Gantz Turns Down Invitation to Join Labor

YERUSHALAYIM -
Former IDF Chief of Staff Benny Gantz. (Flash90)

Three days after the government announced it was calling new Knesset elections, former IDF Chief of Staff Benny Gantz has still not declared his electoral intentions – but one thing he will not be doing is joining Zionist Camp. According to Hadashot News, Gantz turned down an offer by party chairperson Avi Gabay to join as his number two.

The reason for Gantz’s reluctance, according to the report, is because of advice Gantz has received regarding joining up with Labor – just don’t do it. “He was told that Labor is a hornets nest that no one has yet returned alive from,” commentators said on Hadashot News. “The infighting among party members was enough to scare him off.” In addition, they said, Gantz wants to be seen as an independent and a hawk on security issues – and is thus avoiding joining up with parties and individuals who have dovish reputations.

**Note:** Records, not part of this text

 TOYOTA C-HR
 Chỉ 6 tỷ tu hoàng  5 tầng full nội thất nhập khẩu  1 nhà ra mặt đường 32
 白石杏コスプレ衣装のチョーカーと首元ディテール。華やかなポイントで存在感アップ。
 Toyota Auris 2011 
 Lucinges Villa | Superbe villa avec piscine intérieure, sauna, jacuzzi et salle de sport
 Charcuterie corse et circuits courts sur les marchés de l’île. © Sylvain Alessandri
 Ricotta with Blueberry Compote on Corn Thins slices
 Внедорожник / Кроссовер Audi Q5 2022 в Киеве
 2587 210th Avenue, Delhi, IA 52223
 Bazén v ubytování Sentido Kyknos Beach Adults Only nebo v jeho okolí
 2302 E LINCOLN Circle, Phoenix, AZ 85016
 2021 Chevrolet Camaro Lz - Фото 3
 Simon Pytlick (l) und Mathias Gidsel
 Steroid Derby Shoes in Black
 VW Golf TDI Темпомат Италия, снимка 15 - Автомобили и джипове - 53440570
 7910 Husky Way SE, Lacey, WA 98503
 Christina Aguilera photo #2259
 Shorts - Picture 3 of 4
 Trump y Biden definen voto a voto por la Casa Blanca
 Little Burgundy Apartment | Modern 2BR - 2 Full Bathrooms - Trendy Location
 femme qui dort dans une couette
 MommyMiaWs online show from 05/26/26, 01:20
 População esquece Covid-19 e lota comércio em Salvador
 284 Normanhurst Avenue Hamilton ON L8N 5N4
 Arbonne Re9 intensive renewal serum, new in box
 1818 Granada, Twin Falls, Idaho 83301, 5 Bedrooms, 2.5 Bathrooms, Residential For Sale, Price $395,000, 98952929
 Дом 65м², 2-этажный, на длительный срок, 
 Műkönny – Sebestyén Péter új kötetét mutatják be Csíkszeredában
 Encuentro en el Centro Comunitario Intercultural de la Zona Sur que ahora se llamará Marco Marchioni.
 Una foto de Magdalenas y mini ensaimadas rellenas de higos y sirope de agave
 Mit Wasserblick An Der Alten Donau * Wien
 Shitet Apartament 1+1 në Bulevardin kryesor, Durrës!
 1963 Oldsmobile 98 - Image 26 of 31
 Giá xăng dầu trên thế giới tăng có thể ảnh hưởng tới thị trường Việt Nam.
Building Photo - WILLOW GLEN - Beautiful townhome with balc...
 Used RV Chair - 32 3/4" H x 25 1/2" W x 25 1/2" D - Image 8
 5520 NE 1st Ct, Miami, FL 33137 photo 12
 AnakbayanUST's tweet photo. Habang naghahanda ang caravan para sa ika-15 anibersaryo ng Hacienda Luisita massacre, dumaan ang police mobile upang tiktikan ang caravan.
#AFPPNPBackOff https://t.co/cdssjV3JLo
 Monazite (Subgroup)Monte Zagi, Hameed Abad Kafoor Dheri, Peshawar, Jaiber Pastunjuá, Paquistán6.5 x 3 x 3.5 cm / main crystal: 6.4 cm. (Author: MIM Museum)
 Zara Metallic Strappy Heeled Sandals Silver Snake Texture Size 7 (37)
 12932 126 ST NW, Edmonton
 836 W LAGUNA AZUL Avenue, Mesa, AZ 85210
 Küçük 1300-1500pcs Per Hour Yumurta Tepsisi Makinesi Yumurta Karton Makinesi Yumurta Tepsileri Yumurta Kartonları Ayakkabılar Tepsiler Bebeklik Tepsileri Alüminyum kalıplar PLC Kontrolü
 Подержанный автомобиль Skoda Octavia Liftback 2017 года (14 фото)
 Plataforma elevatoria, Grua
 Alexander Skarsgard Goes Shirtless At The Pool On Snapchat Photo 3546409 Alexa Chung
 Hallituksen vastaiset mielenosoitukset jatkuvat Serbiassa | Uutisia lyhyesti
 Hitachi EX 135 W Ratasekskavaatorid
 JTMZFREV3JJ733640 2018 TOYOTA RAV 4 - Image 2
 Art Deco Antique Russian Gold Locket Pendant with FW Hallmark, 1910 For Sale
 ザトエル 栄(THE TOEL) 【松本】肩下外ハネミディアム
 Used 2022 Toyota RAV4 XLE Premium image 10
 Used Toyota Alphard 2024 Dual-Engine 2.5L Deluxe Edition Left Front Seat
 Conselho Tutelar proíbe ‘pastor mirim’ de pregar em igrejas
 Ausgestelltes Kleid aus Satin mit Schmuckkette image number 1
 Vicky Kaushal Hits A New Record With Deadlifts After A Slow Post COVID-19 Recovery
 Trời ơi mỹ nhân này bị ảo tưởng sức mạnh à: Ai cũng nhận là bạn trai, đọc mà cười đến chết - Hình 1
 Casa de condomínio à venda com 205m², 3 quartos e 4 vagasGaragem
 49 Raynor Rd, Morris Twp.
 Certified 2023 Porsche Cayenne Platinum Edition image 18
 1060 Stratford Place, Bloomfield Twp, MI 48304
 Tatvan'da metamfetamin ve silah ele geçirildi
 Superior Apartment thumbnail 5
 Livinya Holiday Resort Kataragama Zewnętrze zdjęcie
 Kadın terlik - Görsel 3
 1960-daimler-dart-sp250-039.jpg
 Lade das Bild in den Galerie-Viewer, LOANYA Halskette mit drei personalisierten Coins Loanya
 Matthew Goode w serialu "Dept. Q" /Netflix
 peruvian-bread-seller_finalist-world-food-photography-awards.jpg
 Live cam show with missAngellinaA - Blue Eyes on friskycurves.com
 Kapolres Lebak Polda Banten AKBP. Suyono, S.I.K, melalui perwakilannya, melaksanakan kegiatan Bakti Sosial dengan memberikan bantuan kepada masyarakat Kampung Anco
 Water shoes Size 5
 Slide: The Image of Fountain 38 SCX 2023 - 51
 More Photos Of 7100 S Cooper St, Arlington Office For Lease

In line with that, Channel Ten reported that Tzipi Livni, head of the opposition and the ranking sitting Knesset member of Zionist Camp, has warned Gabay that he may not be chairperson of the party much longer. Gabay, who is not an MK, is presiding over a party that, according to polls, will get barely 10 seats in the upcoming elections, a major comedown from the 24 seats it currently has. At a speech in Herzliya Tuesday, Livni said, hinting at Gabay, “I believe that these elections are the opportunity for a revolution. Every one of us must put their ego aside in order to accomplish the greater goal.” Livni suggested a broad coalition of anti-Netanyahu forces under one leadership umbrella. “All those who are part of our cause must join together, and be prepared to concede in order to achieve the goal.”

With that, said the commentators, Gantz’s decision should not be seen as final. “Starting a party – getting a list together, working out an order of seniority, and taming all the egos that are likely to gather seeking a spot on the list – takes a great deal of work, and Gantz has barely a month to get everything together in order to qualify to run his party. Once he sees how much work it is, be may change his mind.”